| Your goal |
Leave the pictures out, and transcribe the material below exactly from the line with "Jeremy Clarkson's Diddly" to the line with "Ada Shower Pan Ramp", both lines included.

| Input data |
:::
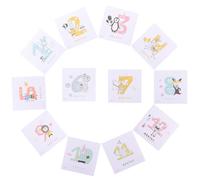 SOIMISS Pegatinas mensuales para bebés recién nacidos, accesorio fotográfico para recuerdo del primer mes, etiqueta adhesiva de papel creativa para álbum de fotos infantil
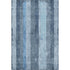 5' X 8' Blue And Gray Striped Washable Area Rug With UV Protection
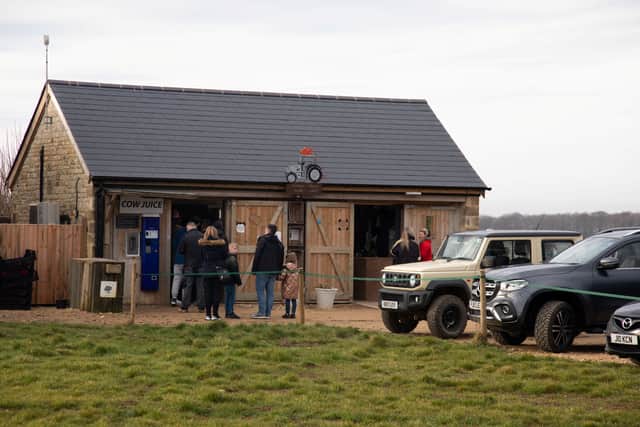 Jeremy Clarkson's Diddly Squat Farm Shop which has reopened after closing for a brief period of time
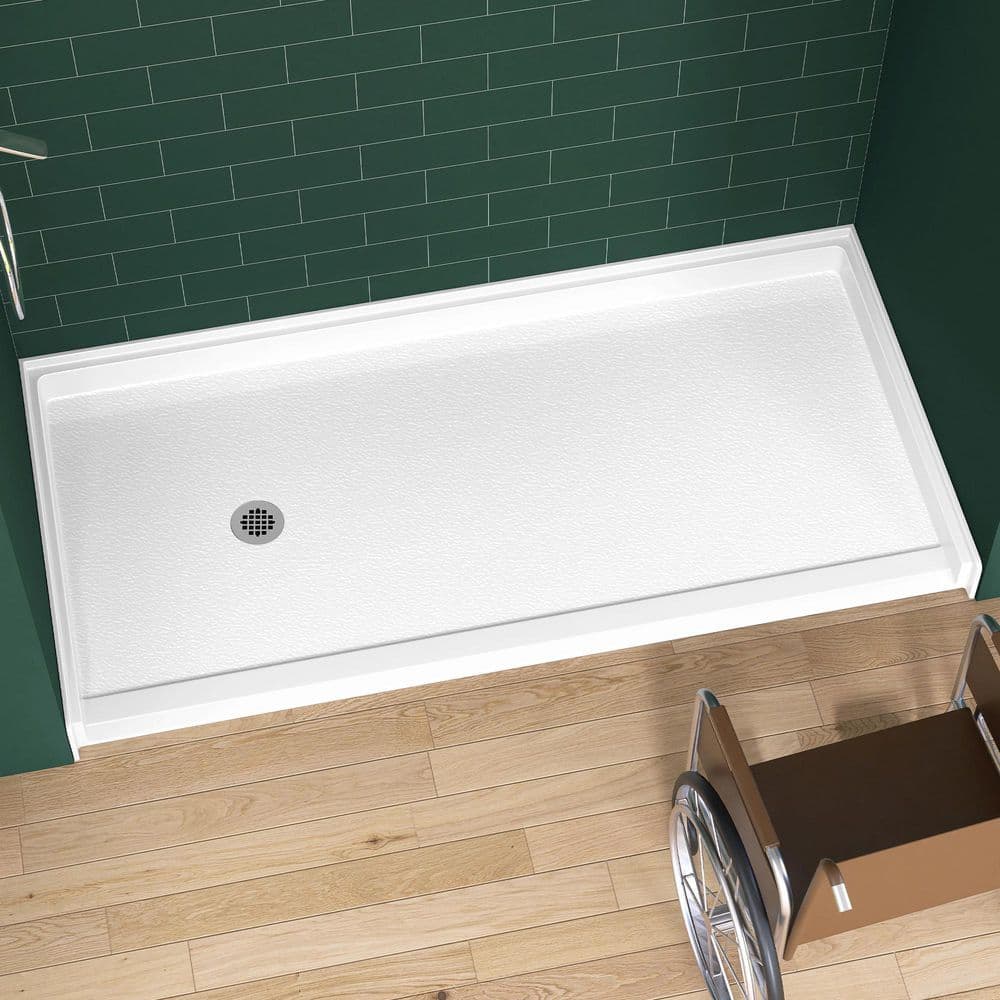 Ada Shower Pan Ramp Zeafive 72 in. L x 36 in. W Alcove Acrylic ADA Shower Pan Base with ...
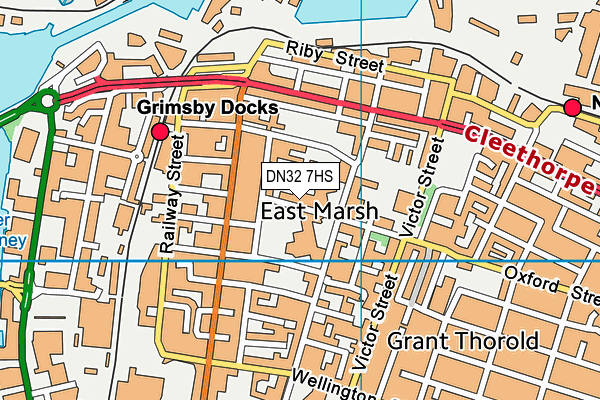 DN32 7HS map - OS VectorMap District (Ordnance Survey) DN32 7HS map - OS VectorMap District (Ordnance Survey)
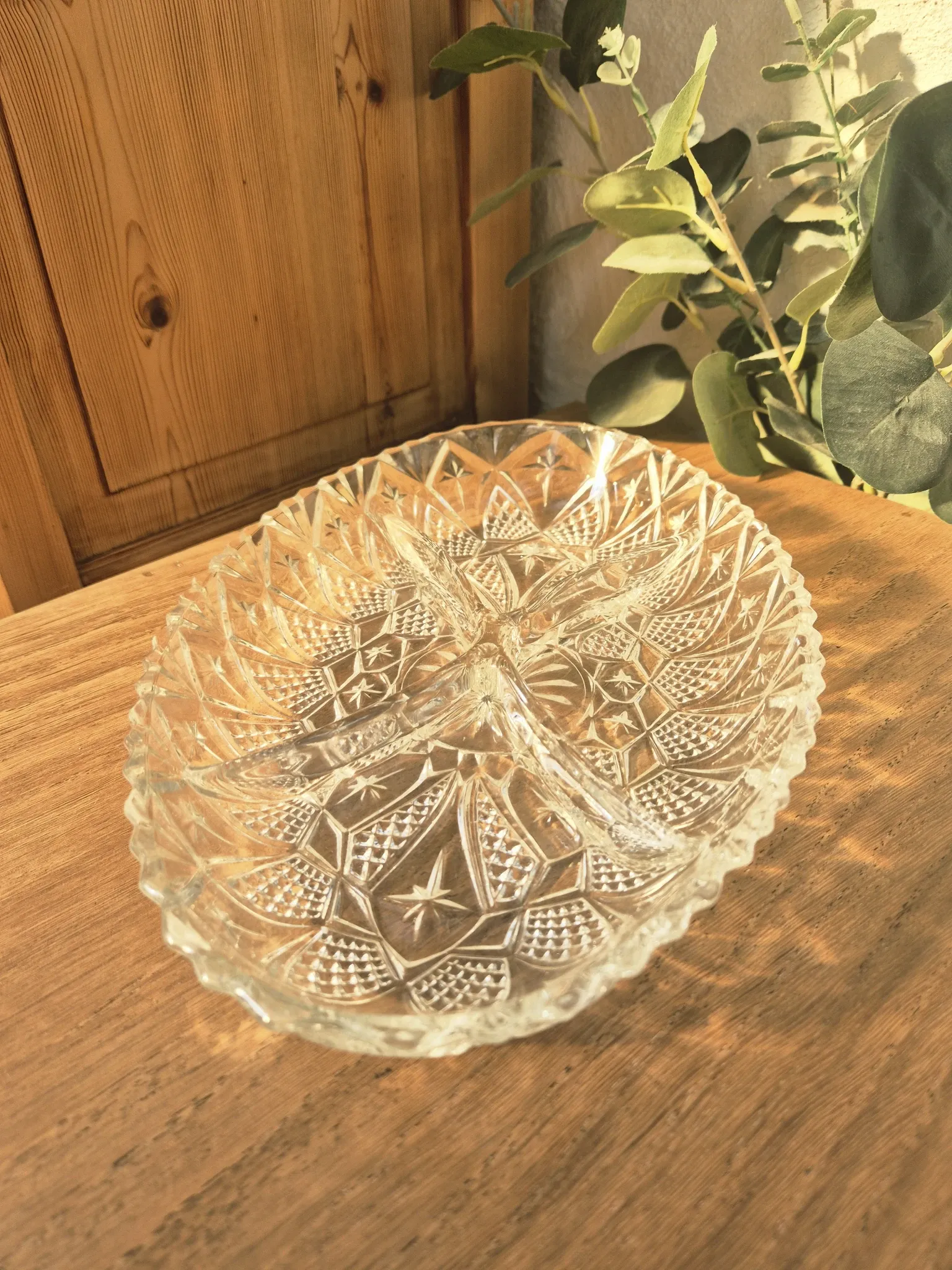 Plat compartimenté vintage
:::
| Result of the task |
 Jeremy Clarkson's Diddly Squat Farm Shop which has reopened after closing for a brief period of time
 Ada Shower Pan Ramp Zeafive 72 in. L x 36 in. W Alcove Acrylic ADA Shower Pan Base with ...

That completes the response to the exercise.